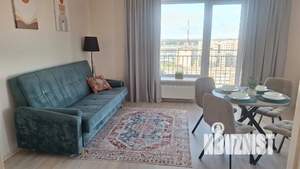 1-к квартира, посуточно, 49м2, 16/17 этаж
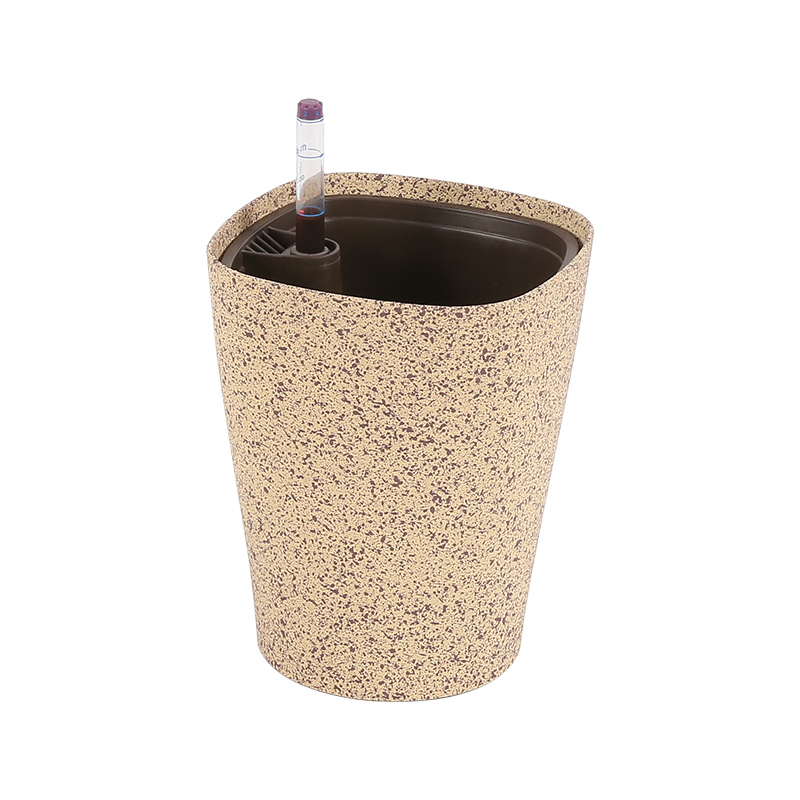 Model 1006T european style desktop little dot rectangle flower pot
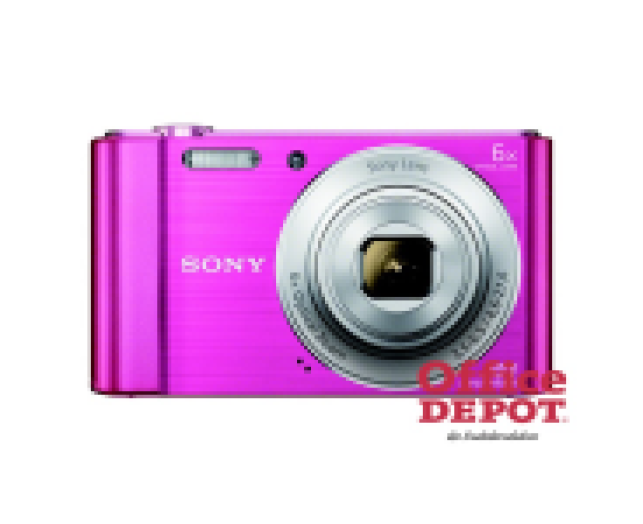 Sony DSC-W810P rózsaszín digitális fényképezőgép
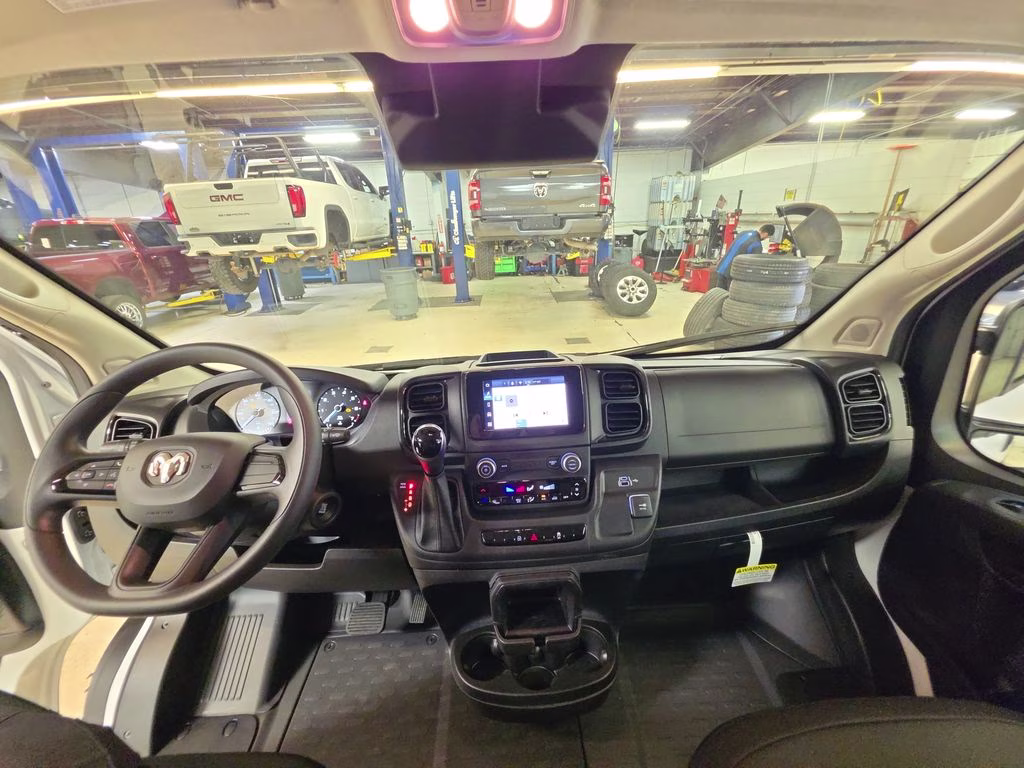 2026 Bright White Clearcoat Ram ProMaster 1500 Low Roof FWD Van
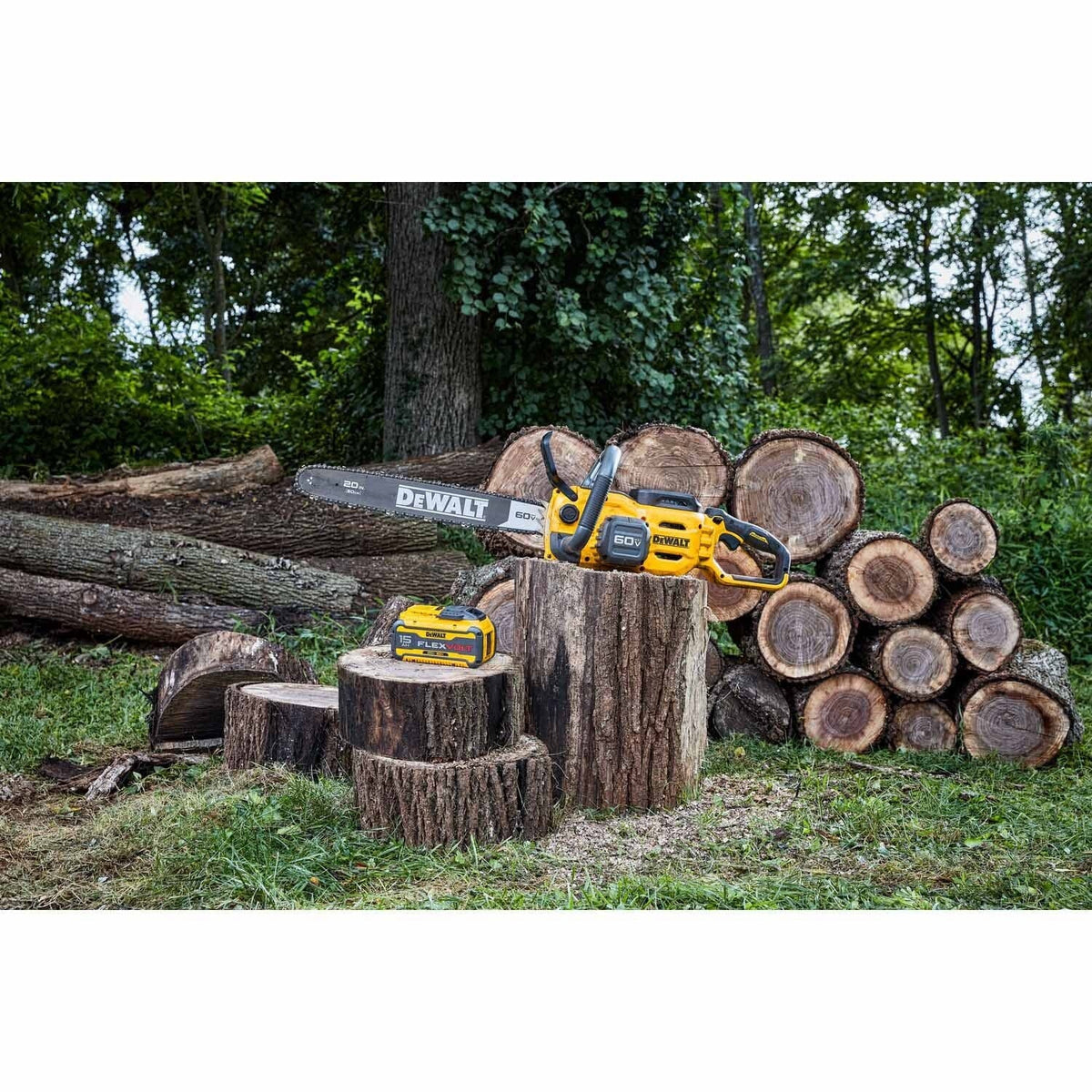 DeWalt DCCS677B 60V MAX* Brushless Cordless 20 in. Chainsaw (Tool Only)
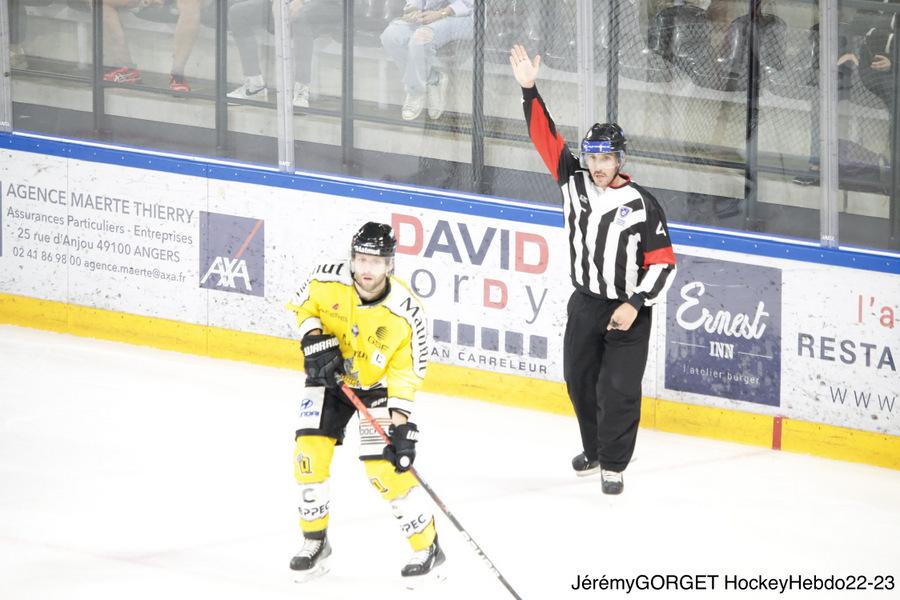 Angers  2 - 3 Rouen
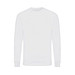 Iqoniq Zion Rundhals-Sweater aus recycelter Baumwolle, weiß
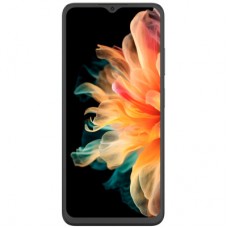 Мобільний телефон Oscal Flat 2 4/128 GB Phantom Black - Фото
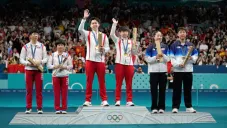 China y las dos Coreas compartieron podio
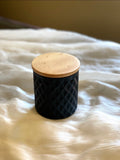 Beeswax Lifestyle Candle | Black | 8 oz.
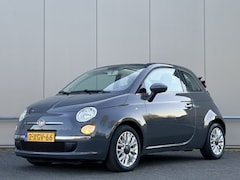 Fiat 500 C - 0.9 TwinAir T Lounge - airco - nap - cabrio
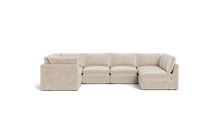 Load image into Gallery viewer, Ciello XL - Sectional - Sesame - High Angled
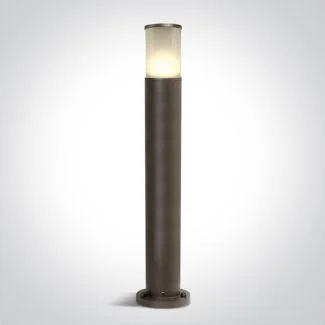 ONE LIGHT 67102/BR Lauria 4 brązowa lampa ogrodowa 20W E27 IP54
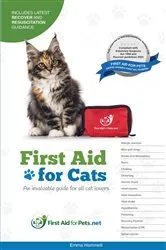 Book cover of First Aid for Cats by Unknown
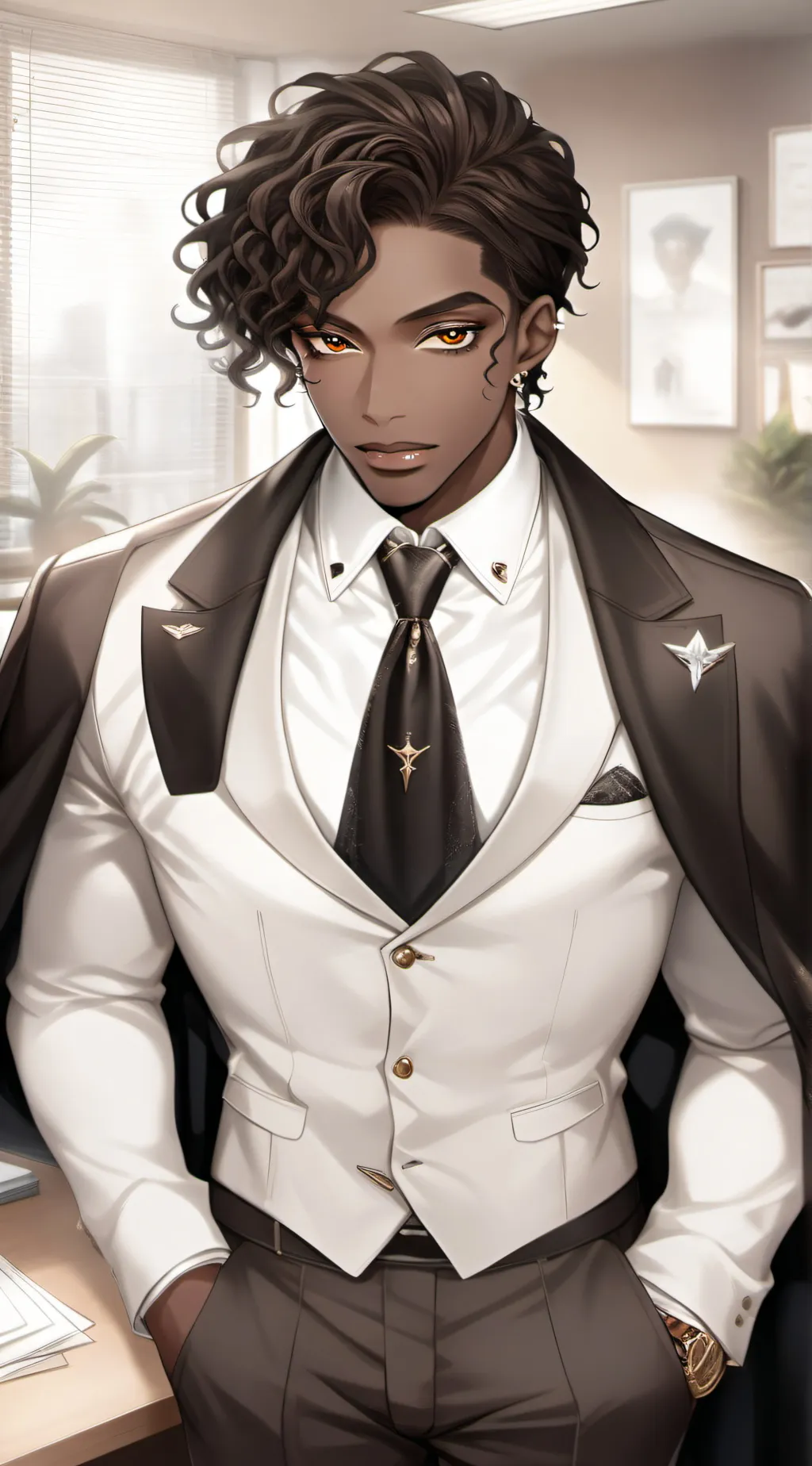 ai character: Deshawn King background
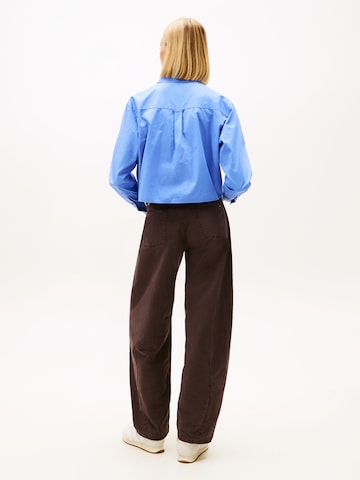 Tommy Jeans Halenka – modrá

__What this task involves__. Print nothing except the lines from the one with "Model 1006T european" through the last line of the listing, exactly as written and with pictures removed.

__Answer to this problem__.
 Model 1006T european style desktop little dot rectangle flower pot
 Sony DSC-W810P rózsaszín digitális fényképezőgép
 2026 Bright White Clearcoat Ram ProMaster 1500 Low Roof FWD Van
 DeWalt DCCS677B 60V MAX* Brushless Cordless 20 in. Chainsaw (Tool Only)
 Angers  2 - 3 Rouen
 Iqoniq Zion Rundhals-Sweater aus recycelter Baumwolle, weiß
 Мобільний телефон Oscal Flat 2 4/128 GB Phantom Black - Фото
 China y las dos Coreas compartieron podio
 Beeswax Lifestyle Candle | Black | 8 oz.
 Fiat 500 C - 0.9 TwinAir T Lounge - airco - nap - cabrio
 Load image into Gallery viewer, Ciello XL - Sectional - Sesame - High Angled
 ONE LIGHT 67102/BR Lauria 4 brązowa lampa ogrodowa 20W E27 IP54
 Book cover of First Aid for Cats by Unknown
 ai character: Deshawn King background
 Tommy Jeans Halenka – modrá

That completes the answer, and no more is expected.